# Car alarm horn sounding off



## Tracz23 (Sep 3, 2009)

Hello, 2001 Nissan Sentra SE 2.0L 

Last week my sentra door locks started locking and unlocking numerous times.. and then while my car was parked and key out.. the car alarm horn started./.. :wtf: _(possible ignition probs? )_I put the key in the ignition and it didnt quit the horn, and turned it and still didn't. So i pulled the horn fuse and it stopped.. 10 mins later the horn went off again, only muffled .. so I looked at the fuses and saw Horn2 10A fuse.. so i pulled that one and the alarm stopped. Then... I was in the drive thru yesterday and the car just quit... I wasnt overheating .. I started it back up and it was fine. The cd player time went to 12:00... Now .. when the whole horn thing happened days before we did also remove the cable fromthe battery and then put it back on to get the horn to stop before pulling the fuse.. We tightened the cable today.. after what happened yesterday in the drive thru.. I am wondering if after us tightening the battery cable on, this happens again with my car shutting off.. what else could be the problem? 
I am hoping you say it was the battery causing the car to just turn off while idle. ** note this is the first time the alarm ever went off.. and also the first time the car ever turned off on its own. *** 

Owned it for year and a half


----------



## Jopet (Aug 10, 2009)

Have your alarm system checked. Had a friend with the same problem a while back. Hard headed fool would not have it checked. He kept on driving while the alarm was blaring away shutting or turning off the horn will not solve this.
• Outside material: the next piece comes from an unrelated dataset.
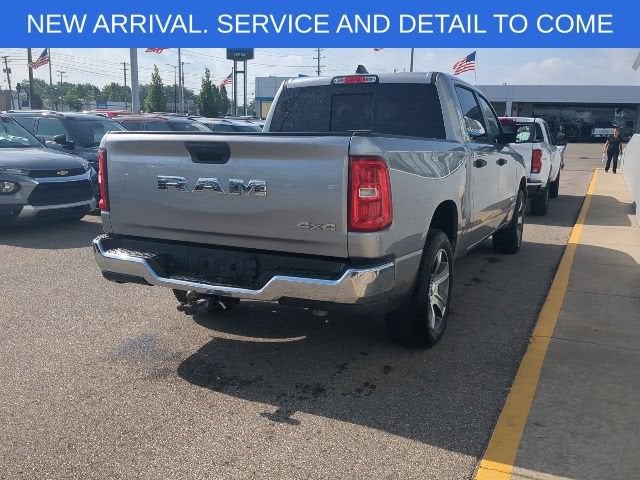 2025 RAM 1500 Tradesman Crew Cab 4x4 5'7" Box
You just silenced the still active alarm which is, most probably, why the car shut down on you.


----------



## Tracz23 (Sep 3, 2009)

Yea but.. It doesnt make sense it shut down while i was idle in drive ... and just now when i went to check the car. it wouldnt start.. no power at all.. the cd player time was flashing off an on, and when i hit cd, that was off and on like someone was turning the power off and on.. and then i turned the key again and it started fine;. its as if the power isnt making a full connection.. I do have corrosion happening on the posts.. im going to do a full on clean of the posts..


----------



## PbLead (Aug 8, 2009)

Sounds like corrosion on the battery cables. The negative clamps on those cables are especially weak. You may not see the corrosion but it's probably there, enough to make a difference. Also if you can grab the terminal and turn it with any reasonable force it's loose.


----------



## vrefron (Dec 18, 2007)

Sounds like a battery issue to me. The best clue is that the clock went to 12:00. This means the car totally lost electrical power. Bad battery, corroded cables, etc.

----------------
Now playing: Texas - Beliefs
via FoxyTunes


----------



## Oldnissanguy (Jan 6, 2005)

The terminals are very thin material. You need to keep and eye on them. I've had to replace (make) one for mine already so I now spray them with battery terminal protectant often.


----------



## HitDroad (Oct 23, 2010)

Hi all new here, so far a very good forum full of info.
My alarms light is on all the time and it quit sound when armed and disarm, any help is apresiate
thanks Juan


----------